GST reforms in India: Kerala raises concerns over possible luxury goods tax reduction

Thiruvananthapuram: With structural changes in the Goods and Services Tax (GST) underway, indications suggest that luxury goods might see a reduction in tax rates. If this materialises, it could remarkably impact Kerala’s tax revenue. There are also reports that the tax on lottery tickets may be raised to as much as 40%.
At present, there are four GST slabs – 5%, 12%, 18% and 28%. The Central Government has decided to reduce these to two rates. However, the final decision rests with the GST Council. Initial reports suggest that expensive mobile phones and high-end electronic products could see a reduction in GST. This would adversely affect consumer states like Kerala.
How will Kerala assess the potential revenue impact?
A tax increase of up to 40% is under consideration for lotteries, which raises concerns about serious economic impact. The state government has tasked the State GST Department with studying how the proposed changes in the tax structure would affect Kerala’s revenue.

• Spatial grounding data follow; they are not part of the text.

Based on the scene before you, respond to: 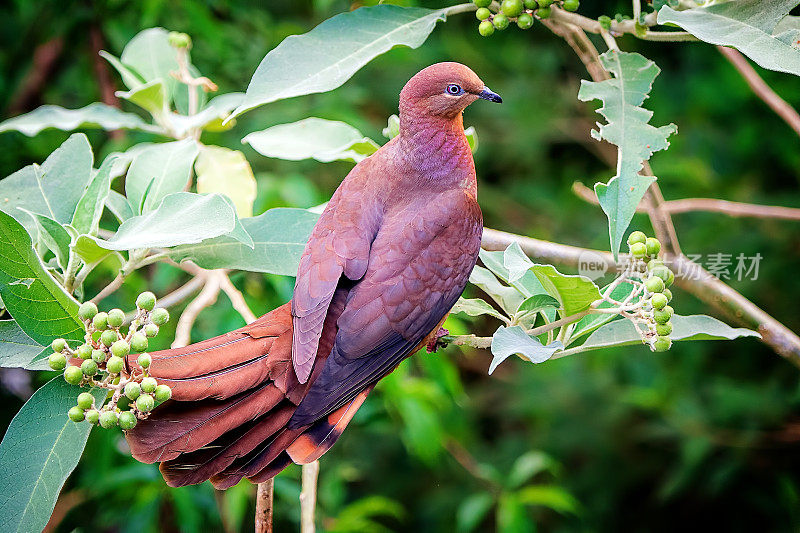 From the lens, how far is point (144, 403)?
111 centimetres

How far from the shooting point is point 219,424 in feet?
4.13

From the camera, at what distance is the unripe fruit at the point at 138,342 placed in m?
1.14

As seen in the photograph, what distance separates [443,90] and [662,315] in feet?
2.09

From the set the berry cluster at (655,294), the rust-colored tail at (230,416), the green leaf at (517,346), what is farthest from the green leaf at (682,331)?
the rust-colored tail at (230,416)

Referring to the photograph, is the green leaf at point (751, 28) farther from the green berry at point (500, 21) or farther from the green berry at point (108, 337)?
the green berry at point (108, 337)

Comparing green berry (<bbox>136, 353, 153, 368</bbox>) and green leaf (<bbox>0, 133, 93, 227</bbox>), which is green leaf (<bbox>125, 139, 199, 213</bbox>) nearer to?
green leaf (<bbox>0, 133, 93, 227</bbox>)

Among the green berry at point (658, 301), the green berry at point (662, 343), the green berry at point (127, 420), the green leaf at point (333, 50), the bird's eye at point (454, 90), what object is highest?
the green leaf at point (333, 50)

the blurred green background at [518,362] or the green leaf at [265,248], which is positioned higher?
the green leaf at [265,248]

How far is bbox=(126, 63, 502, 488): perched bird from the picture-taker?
1261mm

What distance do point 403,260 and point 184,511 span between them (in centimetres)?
160

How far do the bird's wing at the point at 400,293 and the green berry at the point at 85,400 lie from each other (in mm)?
374

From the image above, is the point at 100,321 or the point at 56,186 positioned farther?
the point at 56,186

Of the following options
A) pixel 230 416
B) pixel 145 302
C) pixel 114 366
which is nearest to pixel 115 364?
pixel 114 366

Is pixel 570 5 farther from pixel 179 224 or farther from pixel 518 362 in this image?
pixel 518 362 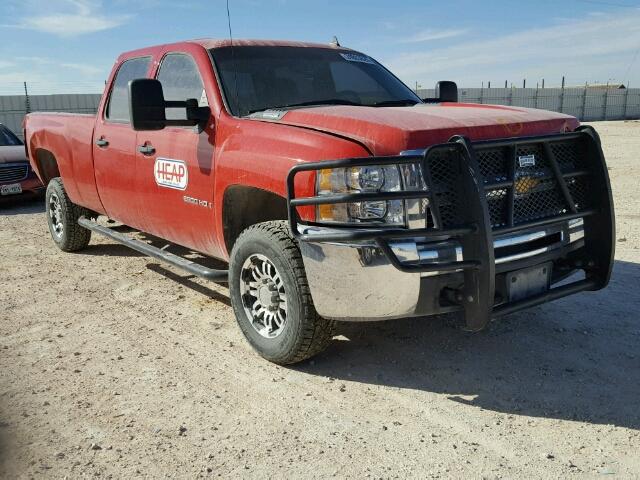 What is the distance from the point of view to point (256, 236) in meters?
3.58

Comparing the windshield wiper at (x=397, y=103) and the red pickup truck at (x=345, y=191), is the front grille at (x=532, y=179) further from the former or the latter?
the windshield wiper at (x=397, y=103)

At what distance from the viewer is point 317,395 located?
332cm

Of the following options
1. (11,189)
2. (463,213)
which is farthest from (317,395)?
(11,189)

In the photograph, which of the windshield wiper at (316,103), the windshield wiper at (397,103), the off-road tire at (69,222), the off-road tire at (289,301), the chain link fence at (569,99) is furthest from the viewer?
the chain link fence at (569,99)

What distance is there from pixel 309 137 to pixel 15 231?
246 inches

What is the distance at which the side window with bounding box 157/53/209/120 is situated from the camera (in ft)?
14.1

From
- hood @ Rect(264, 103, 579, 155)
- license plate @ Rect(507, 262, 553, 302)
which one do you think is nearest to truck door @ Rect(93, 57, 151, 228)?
hood @ Rect(264, 103, 579, 155)

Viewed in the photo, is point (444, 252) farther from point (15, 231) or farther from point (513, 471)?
point (15, 231)

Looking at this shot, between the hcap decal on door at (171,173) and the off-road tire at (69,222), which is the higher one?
the hcap decal on door at (171,173)

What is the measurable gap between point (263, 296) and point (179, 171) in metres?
1.19

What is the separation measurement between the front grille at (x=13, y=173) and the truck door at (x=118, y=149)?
17.2 feet

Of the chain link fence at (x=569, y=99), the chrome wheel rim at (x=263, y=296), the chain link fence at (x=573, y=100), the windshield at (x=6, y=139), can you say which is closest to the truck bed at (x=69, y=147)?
the chrome wheel rim at (x=263, y=296)

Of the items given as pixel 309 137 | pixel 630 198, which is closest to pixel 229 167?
pixel 309 137

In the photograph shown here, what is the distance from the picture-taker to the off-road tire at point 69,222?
6398 millimetres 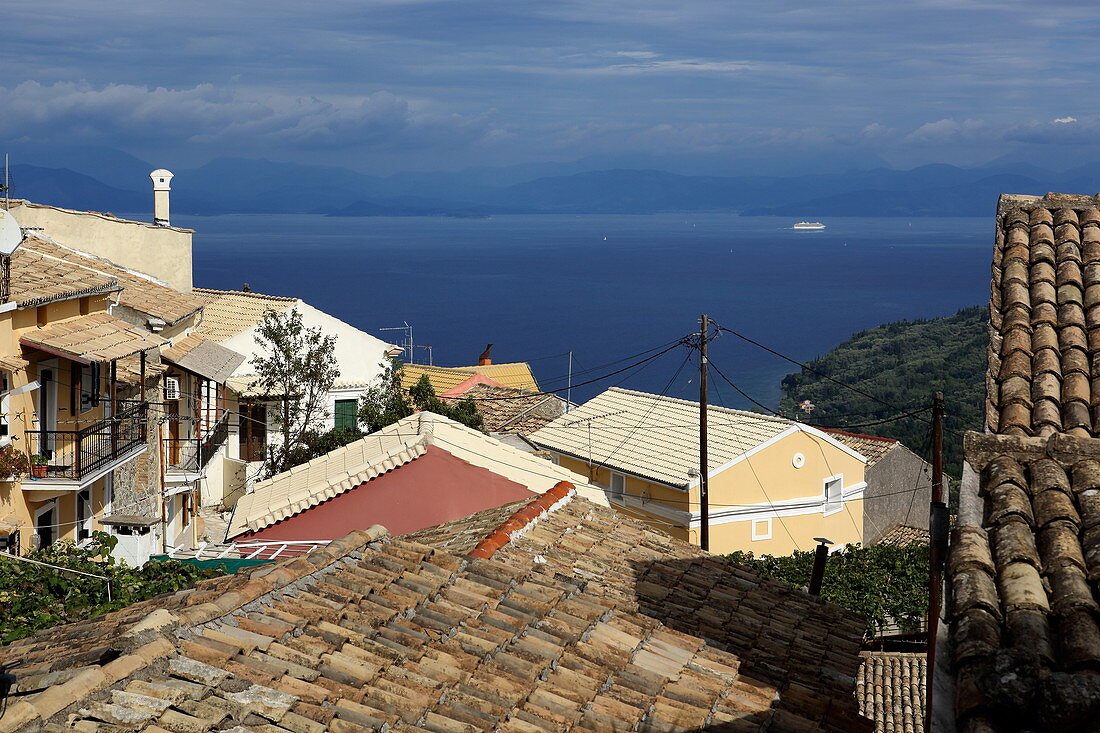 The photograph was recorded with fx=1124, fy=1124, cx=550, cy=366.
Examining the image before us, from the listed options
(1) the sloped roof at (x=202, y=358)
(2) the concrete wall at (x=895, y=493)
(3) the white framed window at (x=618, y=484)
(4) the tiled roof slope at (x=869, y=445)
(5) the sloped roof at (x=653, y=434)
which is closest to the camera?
(1) the sloped roof at (x=202, y=358)

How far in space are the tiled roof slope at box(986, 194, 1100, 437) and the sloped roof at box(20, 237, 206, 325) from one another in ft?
53.7

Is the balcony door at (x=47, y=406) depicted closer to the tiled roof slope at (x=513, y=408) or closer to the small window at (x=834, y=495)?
the tiled roof slope at (x=513, y=408)

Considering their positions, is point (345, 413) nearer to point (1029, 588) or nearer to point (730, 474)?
point (730, 474)

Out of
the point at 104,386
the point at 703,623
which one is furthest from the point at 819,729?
the point at 104,386

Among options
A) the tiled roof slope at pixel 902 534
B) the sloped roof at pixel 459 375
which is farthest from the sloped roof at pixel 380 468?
the sloped roof at pixel 459 375

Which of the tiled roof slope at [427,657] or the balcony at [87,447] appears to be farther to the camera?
the balcony at [87,447]

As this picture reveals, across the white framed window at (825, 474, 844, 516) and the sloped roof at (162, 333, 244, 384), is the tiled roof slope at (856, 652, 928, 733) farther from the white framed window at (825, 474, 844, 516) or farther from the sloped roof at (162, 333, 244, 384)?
the sloped roof at (162, 333, 244, 384)

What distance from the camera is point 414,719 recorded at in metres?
5.36

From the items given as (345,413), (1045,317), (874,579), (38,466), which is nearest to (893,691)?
(874,579)

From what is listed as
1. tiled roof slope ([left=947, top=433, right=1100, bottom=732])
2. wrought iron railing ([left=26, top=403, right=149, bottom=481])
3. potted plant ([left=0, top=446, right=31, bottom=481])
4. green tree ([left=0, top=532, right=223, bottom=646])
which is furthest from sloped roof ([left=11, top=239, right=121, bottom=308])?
tiled roof slope ([left=947, top=433, right=1100, bottom=732])

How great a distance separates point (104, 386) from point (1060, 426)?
17.6 meters

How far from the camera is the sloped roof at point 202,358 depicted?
22.1 m

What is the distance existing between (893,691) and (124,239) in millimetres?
20480

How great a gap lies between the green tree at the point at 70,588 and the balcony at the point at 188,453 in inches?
480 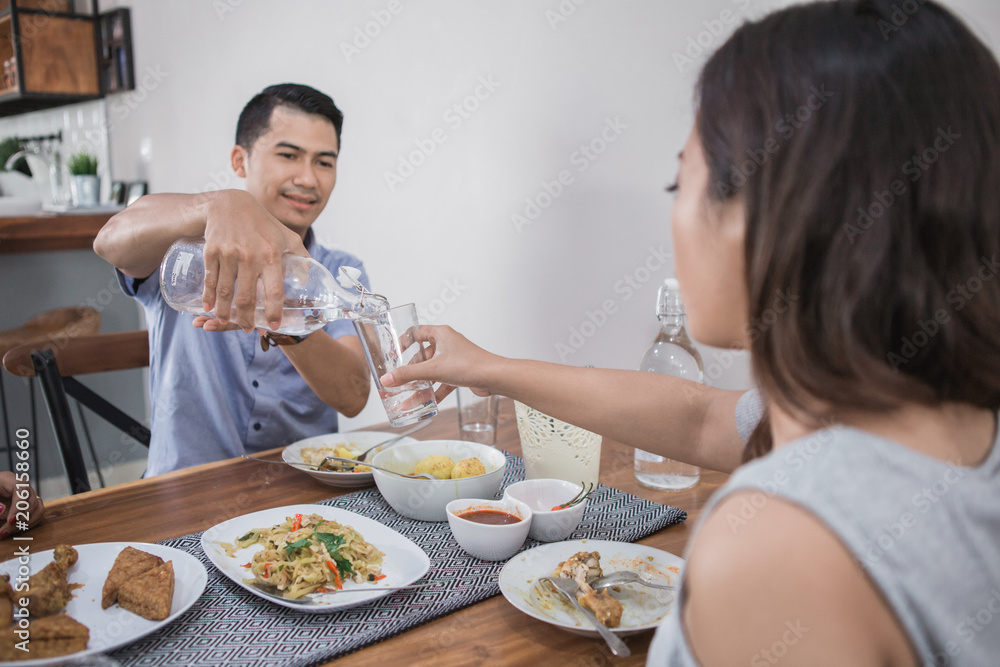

Kerala’s Finance Minister K N Balagopal is a member of the six-member ministerial committee formed to assess the restructuring. The committee is scheduled to meet in New Delhi on August 20 and 21.
Will consumers actually benefit from lower GST rates?
A reduction in tax rates will impact states’ revenues. However, there is no compulsion to lower the prices of products accordingly. In the past, when GST rates were reduced, traders reaped the benefits without passing them on to consumers, as Kerala's own study has shown. States insist that such situations must be avoided this time.
Currently, the GST on lotteries is 28%. If raised to 40%, prices will need to be increased further.
When GST was implemented, the revenue-neutral tax rate was estimated at an average of 15.8%. After the rate restructuring in 2018, this dropped to 11.3%, which affected the states. The goal was to achieve a 14% annual growth in tax revenue after GST implementation. States that failed to meet this target were given compensation for the first five years.
However, Kerala’s tax revenue growth has not exceeded 12%. Former Finance Minister Dr Thomas Isaac has stated that if rate reductions lead to revenue losses, states should be compensated accordingly.